Jimmy Wales to advise government on open access to research

Interesting press coverage on the 2nd May 2012 that Jimmy Wales is to help the government ensure that all publically funded research is available freely online within two years. David Willetts made this announcement in a speech delivered to the Publishers Association on the evening of 2nd May.

Reading the OA lists, there’s a range of opinion from scepticism to warm welcome for his involvement. He’s certainly high profile and long been a proponent of open access. Remember, the 24 hour closure of Wikipedia in protest at the proposed SOPA and PIPA legislation in the US. Celebrity involvement does guarantee that the press will take note.

On balance, UKCoRR believes that we should welcome the plans put forward today but there is a need to ensure that the government also listens to those who have been working in UK academia to promote and extend open access. It would seem a sensible approach to work with that resource and experience that already exists than simply starting from scratch and that existing projects and infrastructure are built upon.

According to the Guardian,

“This initiative is most likely to result in a central repository that will host all research articles that result from public funding. The aim is that, even if an academic publishes their work in a traditional subscription journal, a version of their article would simultaneously appear on the freely available repository. The repository would also have built-in tools to share, comment and discuss articles.”

There is a dearth of detail about implementation at the moment – understandably as the group convened by Dame Janet Finch won’t be reporting until June 2012. But it seems likely that the “central repository” won’t be a physical thing but will build on current infrastructure and projects. There has to be a pivotal role for Repository Junction which is “a standalone middleware tool for handling the deposit of research articles from a provider to multiple repositories” thus avoiding the thorny problem of duplicate deposit, which is understandably disliked by academics. See http://edina.ac.uk/cgi-bin/news.cgi?filename=2012-04-24-rjbroker-ori.txt

However, the bigger stumbling block is that old chestnut copyright. Simultaneous traditional publication and availability in an open access repository of publically funded research is restricted depending on the publisher’s policy’s, which can change in an instant. We repository workers all know the minefield that is journal copyright policies and the care which our host organisations take to avoid breaching them. The solution is to replace a practice where the author signs away their copyright with one where they give the publisher a non-exclusive licence to publish the article. Let’s get that in the two year plan and we’d really be making progress!

The text of David Willetts speech was published this morning and it makes interesting reading. He makes much reference to the gold road to open access but, given the context, this is not surprising. We might take issue with his definition of green: “Green means publishers are required to make research openly accessible within an agreed embargo period” but this is a minister telling the publishing industry that open access is here to stay. “Our starting point is very simple. The Coalition is committed to the principle of public access to publicly-funded research results. That is where both technology and contemporary culture are taking us. It is how we can maximise the value and impact generated by our excellent research base.
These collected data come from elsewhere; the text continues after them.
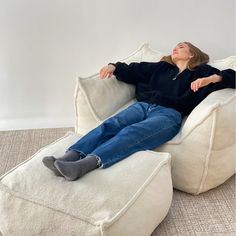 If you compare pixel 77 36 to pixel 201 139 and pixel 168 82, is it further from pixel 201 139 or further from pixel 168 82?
pixel 201 139

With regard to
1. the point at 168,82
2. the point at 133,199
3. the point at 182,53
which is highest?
the point at 182,53

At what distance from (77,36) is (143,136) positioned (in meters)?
1.03

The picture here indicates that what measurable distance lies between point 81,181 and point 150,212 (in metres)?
0.29

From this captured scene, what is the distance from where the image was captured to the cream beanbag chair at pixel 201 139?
1.82 m

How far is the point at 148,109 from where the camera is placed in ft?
7.06

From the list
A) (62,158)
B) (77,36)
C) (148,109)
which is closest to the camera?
(62,158)

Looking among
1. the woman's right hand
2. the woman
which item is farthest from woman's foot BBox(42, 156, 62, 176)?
the woman's right hand

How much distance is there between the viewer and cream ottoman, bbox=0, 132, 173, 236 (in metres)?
1.44

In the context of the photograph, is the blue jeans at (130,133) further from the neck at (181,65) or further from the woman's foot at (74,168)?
the neck at (181,65)

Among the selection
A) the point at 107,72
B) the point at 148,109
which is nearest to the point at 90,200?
the point at 148,109

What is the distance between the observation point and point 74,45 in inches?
103

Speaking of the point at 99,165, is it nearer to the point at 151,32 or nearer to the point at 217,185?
the point at 217,185

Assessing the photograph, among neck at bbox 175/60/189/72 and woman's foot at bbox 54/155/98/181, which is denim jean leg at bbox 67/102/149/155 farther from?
neck at bbox 175/60/189/72

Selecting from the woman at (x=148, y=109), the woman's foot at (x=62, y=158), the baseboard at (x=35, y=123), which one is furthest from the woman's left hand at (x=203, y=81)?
the baseboard at (x=35, y=123) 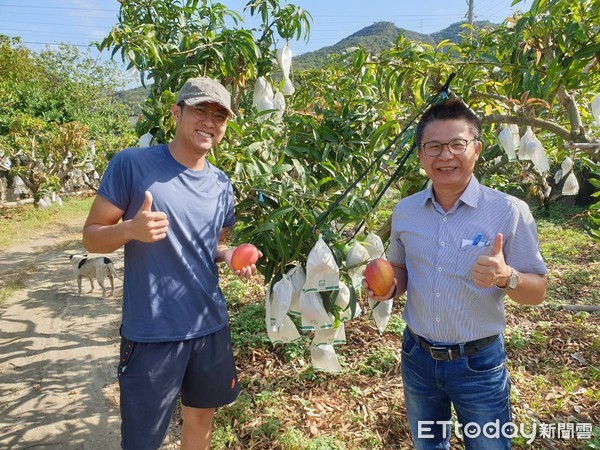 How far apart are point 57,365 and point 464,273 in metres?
3.19

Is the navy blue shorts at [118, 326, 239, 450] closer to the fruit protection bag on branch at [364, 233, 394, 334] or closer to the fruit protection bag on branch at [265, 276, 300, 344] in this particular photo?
the fruit protection bag on branch at [265, 276, 300, 344]

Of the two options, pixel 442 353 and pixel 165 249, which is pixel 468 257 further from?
pixel 165 249

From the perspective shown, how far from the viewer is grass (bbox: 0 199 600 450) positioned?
238 cm

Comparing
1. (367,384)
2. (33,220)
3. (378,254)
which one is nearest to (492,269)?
(378,254)

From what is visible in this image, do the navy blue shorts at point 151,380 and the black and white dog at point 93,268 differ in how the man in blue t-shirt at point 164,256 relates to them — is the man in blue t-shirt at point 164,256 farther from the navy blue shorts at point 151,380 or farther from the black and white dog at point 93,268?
the black and white dog at point 93,268

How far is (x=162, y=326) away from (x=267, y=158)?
1.06 meters

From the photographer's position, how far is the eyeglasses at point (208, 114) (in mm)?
1608

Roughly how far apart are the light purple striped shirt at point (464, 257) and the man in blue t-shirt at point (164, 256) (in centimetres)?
65

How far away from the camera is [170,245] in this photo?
159 centimetres

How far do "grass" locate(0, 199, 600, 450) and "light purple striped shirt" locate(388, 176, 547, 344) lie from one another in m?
1.22

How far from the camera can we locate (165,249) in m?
1.59

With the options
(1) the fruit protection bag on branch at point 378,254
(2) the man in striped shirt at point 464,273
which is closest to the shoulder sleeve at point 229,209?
(1) the fruit protection bag on branch at point 378,254

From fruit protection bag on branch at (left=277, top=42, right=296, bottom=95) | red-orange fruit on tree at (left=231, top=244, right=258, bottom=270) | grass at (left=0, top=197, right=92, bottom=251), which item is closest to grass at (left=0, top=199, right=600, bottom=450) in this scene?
red-orange fruit on tree at (left=231, top=244, right=258, bottom=270)

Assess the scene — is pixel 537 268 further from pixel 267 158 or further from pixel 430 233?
pixel 267 158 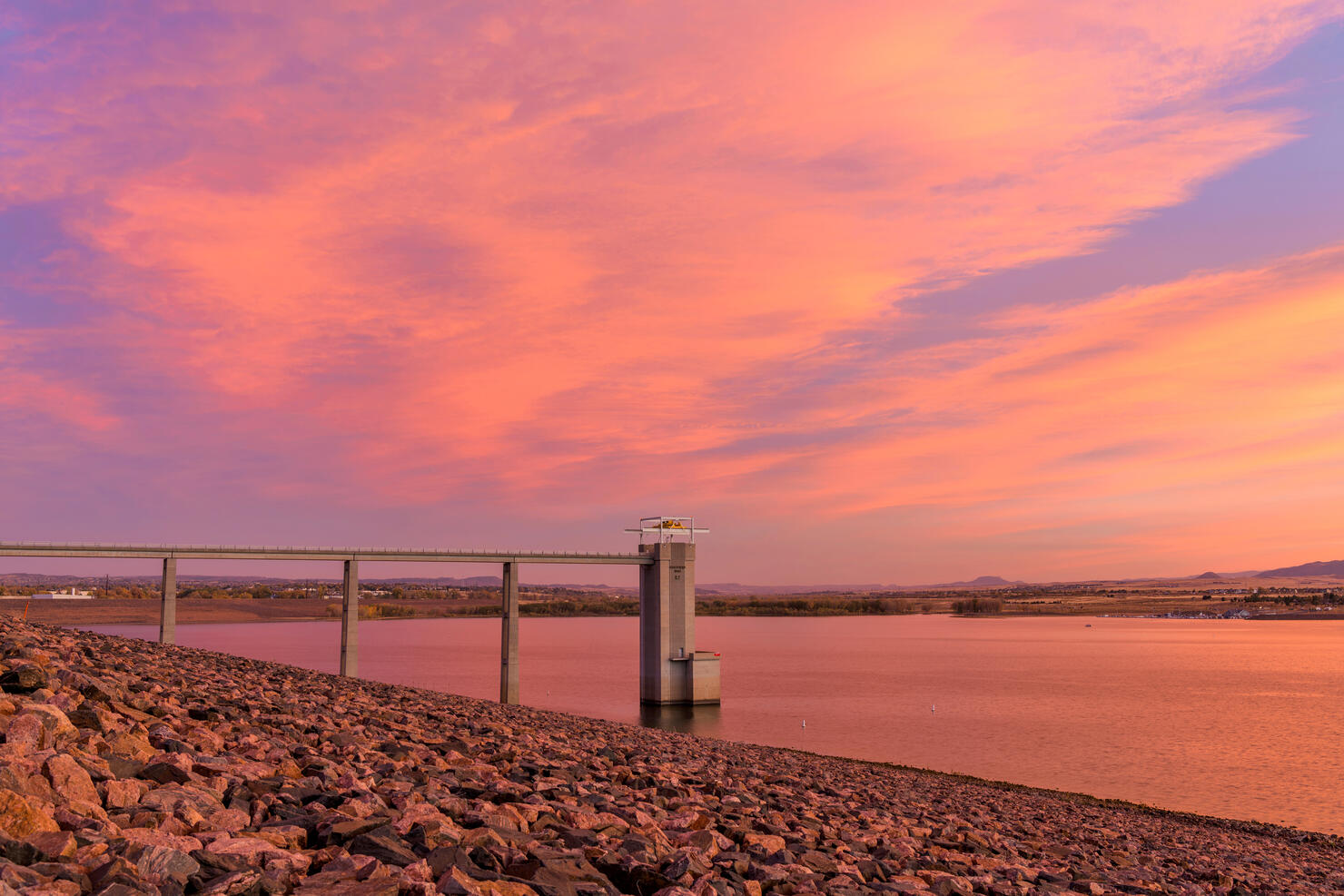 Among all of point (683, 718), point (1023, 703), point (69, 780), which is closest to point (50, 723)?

As taxpayers put their money towards intellectual enquiry, they cannot be barred from then accessing it”.

Right at the end of the speech, there was a reference to the REF which indicates that open access is being considered for inclusion in the criteria for assessment: “HEFCE is also considering the issue. Peer review and assessment of impact are crucial to their allocation of research funding. The debate on open access will inform HEFCE’s planning for the research excellence process that succeeds the current one which concludes in 2014. Open access could be among the excellence criteria for qualifying articles in the future”. This is really exciting stuff – it would really change academic’s practice and behaviour. Let’s keep this on the
agenda.

 All in all, a good day for open access.

Using Google Analytics Statistics within DSpace

Thank you to Claire Knowles of Edinburgh University who provides this overview of how they have been able to display statistics from Google Analytics in DSpace.
—-
In 2009 Edinburgh University Digital Library adopted Google Analytics (GA) to track usage statistics within the DSpace Repositories it supports on behalf of the Scottish Digital Library Consortium (SDLC).  The GA statistics have proven much more reliable than the existing plugins available for DSpace previously with which we experienced lost statistics and inflated pageviews resulting from robots.

Unfortunately the GA statistics for sites being tracked are only viewable via the GA dashboard for which users require a Google account and managed permissions.  This limits the visibility of statistics to a few people at each institution.   Prompted by the presentation given by Graham Triggs (then working for BioMed Central) at the Open Repositories Conference 2010, we decided to write some code to make the Google Analytics statistics visible to all users of the DSpace installations.

The work has been broken into phases:

1. Capture of downloads in DSpace by Google Analytics. 

The basic GA tracking code within DSpace is unable to capture the number of file downloads as these are not links within pages.  To address this we added code to the two downloads on the item page to enable these download actions to be measured.  This captured all downloads within Dspace but not those users coming directly from search engines to the download file.  To capture these statistics we decided to reroute all users back through the item page. This means that they now have two clicks instead of one to reach the download but it enables us to capture these statistics and also raises the visibility of the Repository to users.  To reduce the inconvenience to the users we moved the file downloads links on the item page from the bottom to the top so that they do not have to scroll down to find the download. 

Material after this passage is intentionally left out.